That-was-the-weekIn another big money Russian divorce case a woman was awarded a settlement totalling over £53 million by the High Court. Mrs Justice Eleanor King found that:

“The husband was the wealth creator, the wife the homemaker. Each contributed fully to the marriage… I am satisfied that all the family’s wealth was created during the course of the marriage.”

However, the applicant is likely to struggle to enforce the order against her former partner. The judge described the case as “a fantastic charade with the husband a shady puppet master in the background” and criticised the first respondent ex-husband for refusing to cooperate, being “elusive”, attempting to hide his assets and being in contempt of court.

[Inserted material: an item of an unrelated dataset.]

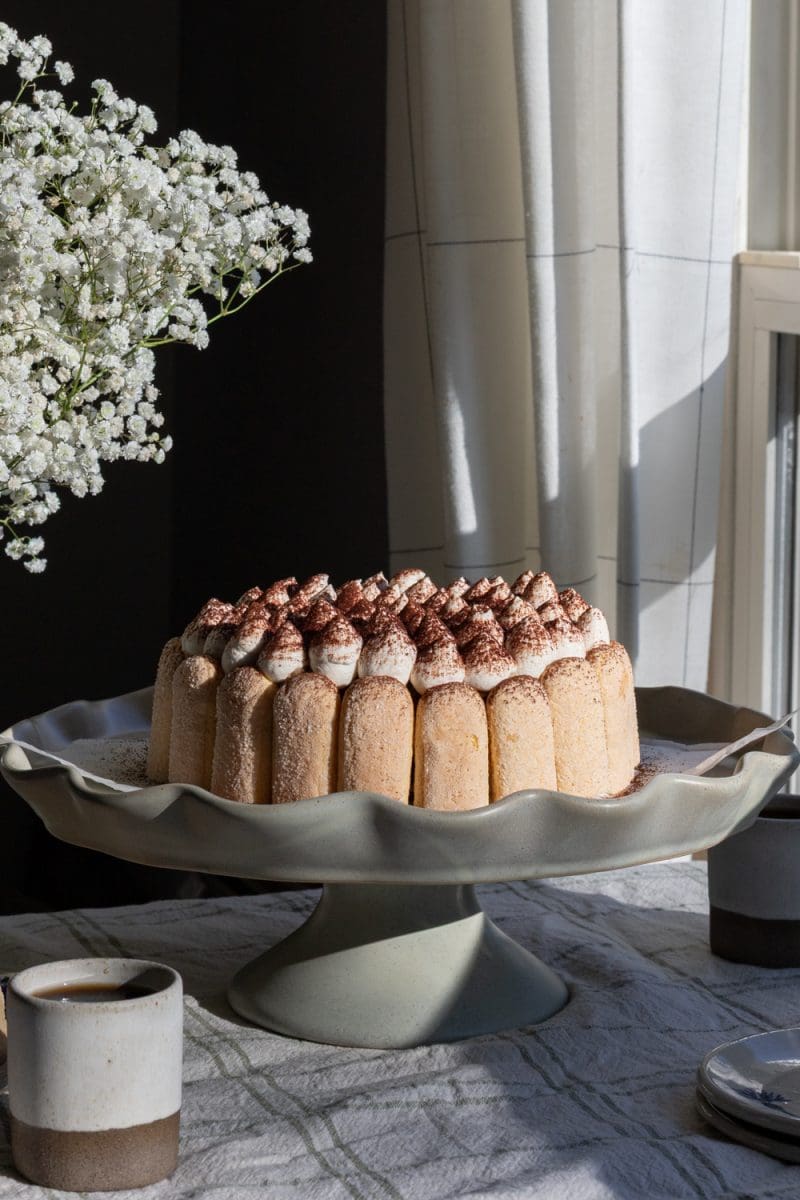 The tiramisu cheesecake on a cake stand.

A freedom of information request asked of the Ministry of Justice revealed that almost 8,000 defendants failed to appear in Welsh courts last year. A breakdown of the figures is available here, with particularly high numbers of no-shows for offences relating to theft and handling stolen goods. The figures included people accused of more serious crimes including sexual offences, violence and robbery, however.

Minister of State for Policing and Criminal Justice, Damian Green, gave a speech on making better use of magistrates.  He said:

“Four out of ten defendants sent to the crown court for sentencing received custodial sentences that could have been handed in the magistrates’ court – we need to look at why this is happening and if we need to do more to make the best use of magistrates. We need to keep the right cases in the right court if we are to have a modern justice system in a fair society.”

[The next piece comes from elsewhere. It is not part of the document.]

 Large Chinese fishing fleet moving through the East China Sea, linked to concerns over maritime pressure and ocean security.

Speculation of what this (and the accompanying video) could mean is running rife. This action plan comes under the umbrella of the “making the criminal justice system more efficient” policy, which includes the reforms initially outlined in this consultation paper last year.

A judicial review of the decision to re-inter the remains of Richard III in Leicester was given permission to proceed. The Plantagenet Alliance, distant relatives of the long-dead king, claim his wish was to be buried in York Minster. Mr Justice Haddon-Cave stated:

“The archaeological discovery of the mortal remains of a former King of England after 500 years is without precedent.

In my judgment, it is plainly arguable that there was a duty at common law to consult widely as to how and where Richard III’s remains should appropriately be re-interred.”

 He also issued a stern warning to the parties to “avoid embarking on the legal Wars of the Roses part 2” through an “unseemly, undignified and unedifying” legal scuffle.